I. REQUESTS FOR PRODUCTION 10 AND 15
The discovery dispute, as it relates to Requests For Production 10 and 15, has a lengthy procedural history. On September 1, 2015, Plaintiffs filed a motion to compel responses to, inter alia, Requests for Production 10 and 15. Docket No. 24. The next day, the Court denied Plaintiffs' motion without prejudice for failure to comply with the meet and confer requirements in Federal Rule of Civil Procedure 37(a)(2)(B) and Local Rule 26-7(b). Docket No. 25.
Unless otherwise specified, references to "Rules" refer to the Federal Rules of Civil Procedure. --------
On September 21, 2015, Plaintiffs filed their second motion to compel responses to the same requests.

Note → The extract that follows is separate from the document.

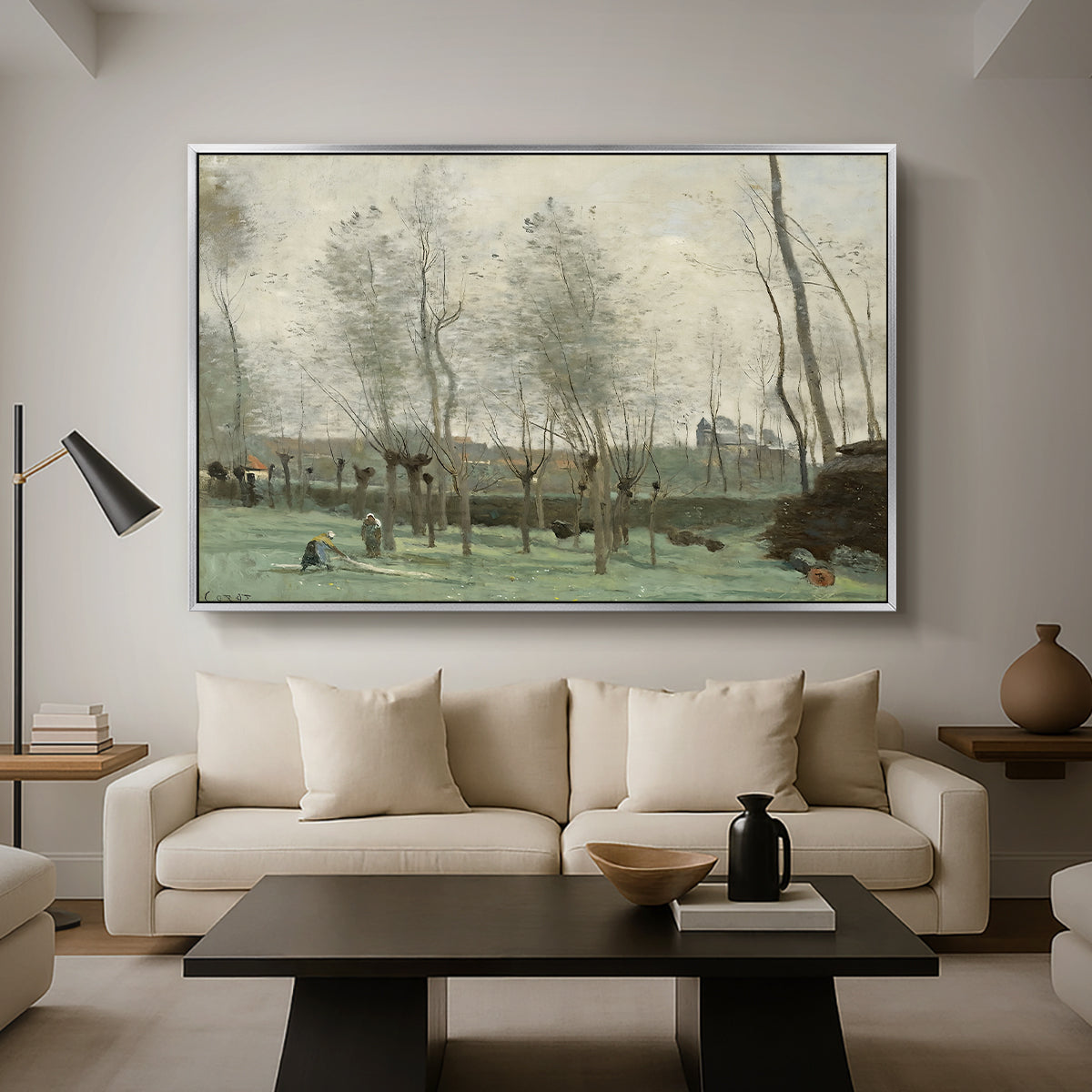 Washerwomen in a Willow Grove, c. 1871 - Floater Framed Canvas Print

Docket No. 31. Plaintiffs asked the Court to require Defendant "to produce any and all internal affairs documents regarding prior incidents of use of force against dogs in response to Request Nos. 10 and 15." Id. at 14.

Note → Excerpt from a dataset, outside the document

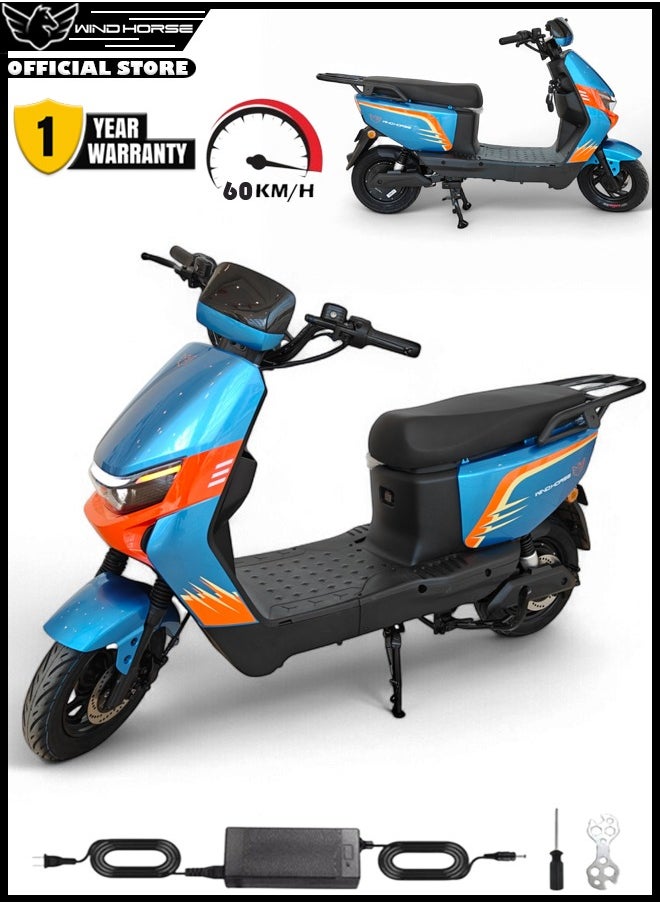 Wind Horse - Electric Scooter with 1500W Motor, 60V 20Ah Battery, 60km/h Max Speed, 50km Range, Carbon Alloy Frame, Remote Lock, Under-Seat Storage, 14-Inch Tires, Disc Brakes, 3-Speed Modes - Image 1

On October 22, 2015, after the motion was fully briefed, the Court ordered Defendant to produce documents responsive to Requests 10 and 15 to the Court's chambers for in camera review. Docket No. 37. As is relevant here, the Court ordered Defendant to produce "all internal affairs documents regarding prior incidents involving the use of force against dogs by NLVPD officers in Response to Request Nos. 10, 15." Id . On October 28, 2015, at Defendant's request, the Court extended the deadline to submit the documents to November 19, 2015. Docket No. 39.
On December 7, 2015, after reviewing the voluminous documents in camera, the Court granted in part and denied in part Plaintiffs' motion to compel, overruling Defendant's relevancy and privilege objections. Id. at 2-10. Specifically, the Court ordered that:
Defendants shall produce Defendants' Production of Documents for In Camera Review Set Two to Plaintiffs, except for the Armorer's Inspection Check Lists . . . which are irrelevant here as there is no allegation that any weapon malfunctioned. Further, Defendants shall redact, prior to production, any personal information of any civilian person not a party to the instant case.Id . at 9. Defendant produced the documents. See, e.g., Docket No. 60 at 23.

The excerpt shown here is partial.